First of all, if you literally process the queries with an array, it will lead to TLE. This is because, for \(n\) elements, each query costs

• Query \(1\) : \(\mathrm{O}(1)\)
• Query \(2\) : \(\mathrm{O}(n)\)
• Query \(3\) : \(\mathrm{O}(n \log n)\)

time, so when you are given “\(\frac{Q}{2}\) number of Query \(1\), and then \(\frac{Q}{2}\) number of Query \(3\),” it will cost about \(\mathrm{O}(Q^2 \log Q)\) time complexity.

First, let us divide the array into two parts: sorted, and not sorted. Then the problem can be rephrased as follows.

There is an array \(A_1\) and a sorted array \(A_2\). Process the following queries.

• Query \(1\) : Append \(x\) to \(A_1\)
• Query \(2\) : If \(A_2\) is non-empty, output and remove the first element of \(A_2\); if empty, output and remove the first element of \(A_1\)
• Query \(3\) : Transfer all the elements in \(A_1\) to \(A_2\) and sort \(A_2\)

Here, Query \(1\) can be optimized, since they can be processed in an \(\mathrm{O}(1)\) by managing \(A_1\) with a queue instead of an array. The issue is Query \(3\).

Here, notice that the only information needed in the output Query \(2\) is the first element of \(A_1\) and \(A_2\). This means that the only information that \(A_2\) has to store is its minimum element.

Therefore, one can reduce the time complexity by managing \(A_2\)’s data with a priority queue. Specifically, we can construct the algorithm described below, so that we no longer need to sort every time.

Prepare a queue \(Q_1\) and a priority queue \(Q_2\) that enables us to obtain the minimum element in priority. Process the queries as follows.

• Query \(1\) : push \(x\) to \(Q_1\).
• Query \(2\) : perform either of the following two operations depending on whether \(Q_2\) is empty or not:
  • If \(Q_2\) is empty, output the first element of \(Q_1\) and pop it.
  • If \(Q_2\) is not empty, output the minimum element of \(Q_2\) and pop it.
• Query \(3\) : Transfer all the elements in \(Q_1\) to \(Q_2\).

Analysis is a bit complicated. Denoting the number of elements in queue by \(|Q|\), the worst time complexity per query is

• Query \(1\) : \(\mathrm{O}(1)\)
• Query \(2\) : \(\mathrm{O}(\log |Q_2|)\)
• Query \(3\) : \(\mathrm{O}(|Q_1| \log |Q_1 + Q_2|)\)
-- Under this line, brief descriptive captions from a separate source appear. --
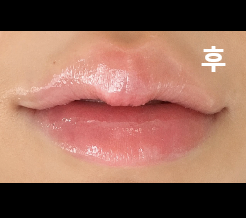 상담도 꼼꼼하고 직원분들도 다 친절하셨어요!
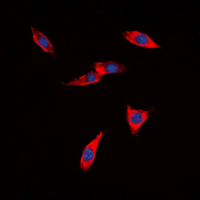 CDH22 / Cadherin 22 Antibody - Immunofluorescent analysis of PB Cadherin staining in HeLa cells. Formalin-fixed cells were permeabilized with 0.1% Triton X-100 in TBS for 5-10 minutes and blocked with 3% BSA-PBS for 30 minutes at room temperature. Cells were probed with the primary antibody in 3% BSA-PBS and incubated overnight at 4 deg C in a humidified chamber. Cells were washed with PBST and incubated with a DyLight 594-conjugated secondary antibody (red) in PBS at room temperature in the dark. DAPI was used to stain the cell nuclei (blue).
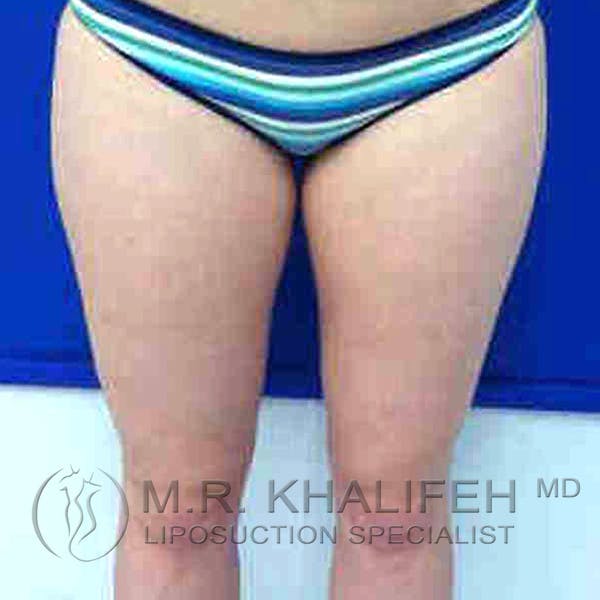 Inner Thigh Liposuction Gallery - Patient 3761693 - Image 1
in which the time complexity of Query \(3\) looks bad, so it seems that there is no difference from the TLE algorithm above.
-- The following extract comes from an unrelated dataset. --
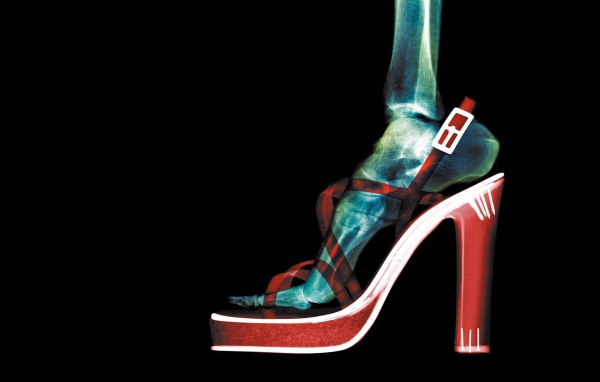 Рентген женской ноги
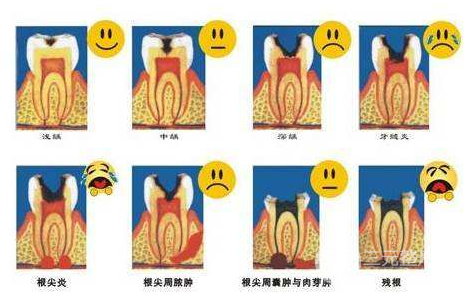 蛀牙补牙费用标准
However, the overall time complexity of this algorithm is in fact \(\mathrm{O}(Q \log Q)\). This is why: the \(|Q_1|\) part of time complexity of Query \(3\) means the number of times that elements were pushed to \(Q_2\), but since the number of elements in this problem is \(Q\), so the number of elements added by Query \(3\) has the upper bound of \(\mathrm{O}(Q)\). Therefore, the total time complexity of Query \(3\) over all the queries is \(\mathrm{O}(Q \log Q)\).

An analysis of computational complexity over all queries like this is called amortized analysis. Also, the average complexity of queries like Query \(3\) is \(\mathrm{O}(\log Q)\). Such queries is said to have “amortized complexity of \(\mathrm{O}(\log Q)\).” Amortized complexity is used for analysis of many algorithms. One typical example is an addition of element (push_back) to a dynamic array (std::vector).

Therefore, the problem has been solved in a total of \(\mathrm{O}(Q \log Q)\) time.
Another way of solving this problem is to do binary search on Segment Tree.